Share your dilemmas and get honest opinions from other Mumsnetters.

To ask if you have personally ever doubted the sex you were born into

238 replies

Chantelli · 02/08/2020 20:51

Just that
Yabu - of course my gender and sex have always been aligned
Yanbu - I've often felt as though I do not identify with my biological sex assigned at birth

OP posts:
cardibach · 02/08/2020 21:13

@RunningFromInsanity

Luckily no. I am very much a woman and ‘girly’. I also use the advantages that come with being a woman.

It must be very hard to not identify with the sex you have been worth with.
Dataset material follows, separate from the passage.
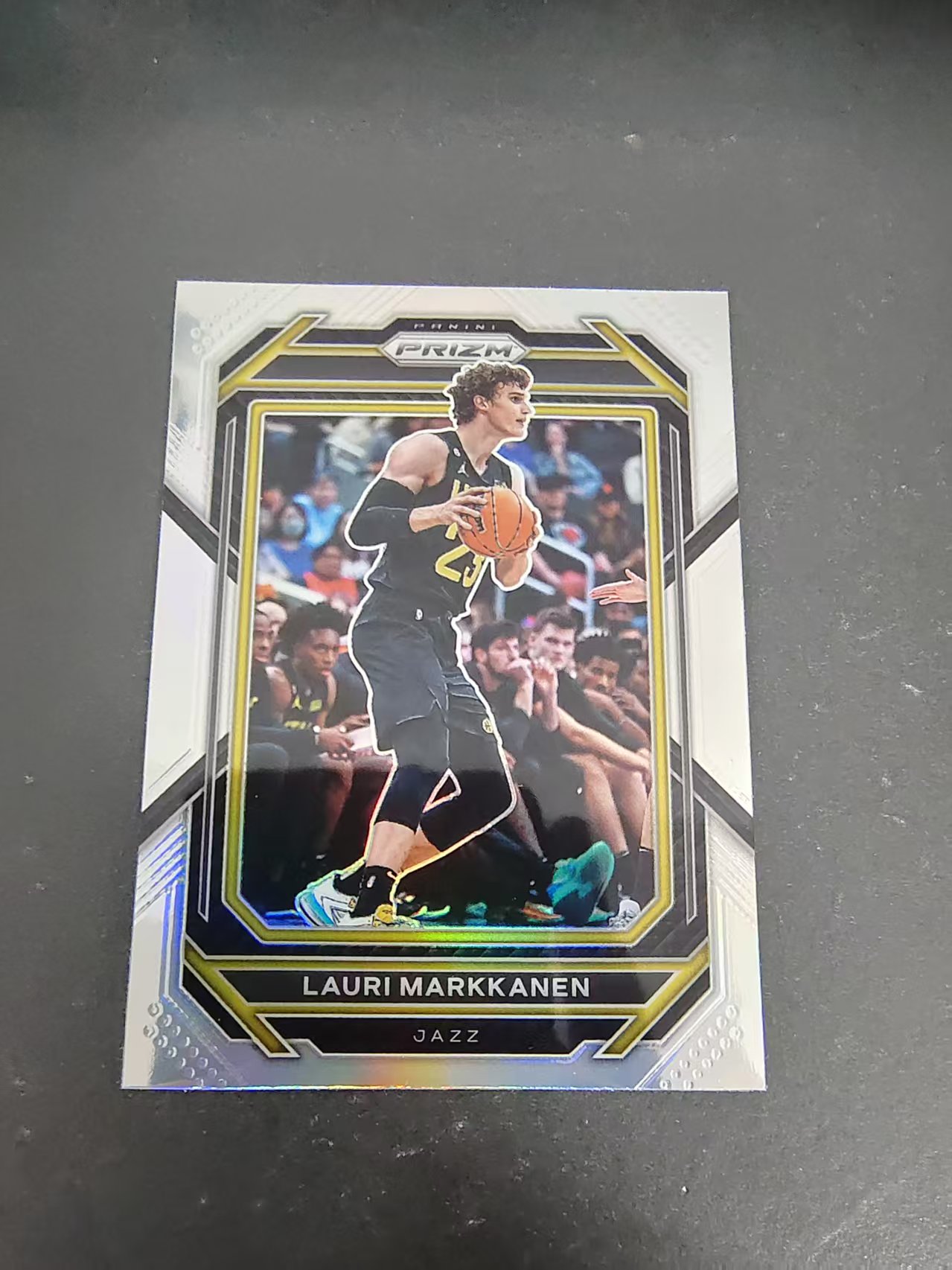 【可合并,不累计】2022-23 Panini Prizm Lauri Markkanen 劳里 马尔卡宁 爵士 PZ 银折 划痕 边角瑕疵 #74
Why do you associate being a woman with being ‘girly’? Do the ‘advantages’ come from being ‘girly’? What. About women who aren’t, and don’t want to be, ‘girly’? Are we still women?
TheMandalorian · 02/08/2020 21:14

No. I am me. I like dressing up to go out and putting makeup and dresses on or jeans and a t-shirt. Or getting muddy mountain biking and camping or climbing trees.
I felt sorry for George in the famous 5 stories being described as a tomboy because that concept no longer existed in our world of the late 80s. Girls had short hair, wore jeans and made dens with the boys.
It must be harder for boys because its still not really socially acceptable for them to wear a dress or make up. Although in more liberal areas no-one bats an eyelid.
I did have a period age about 13 where my arms kept getting in my way and felt wrong, but then I finished growing and they are fine again. Glad I didn't have them surgically and irrevocably altered though....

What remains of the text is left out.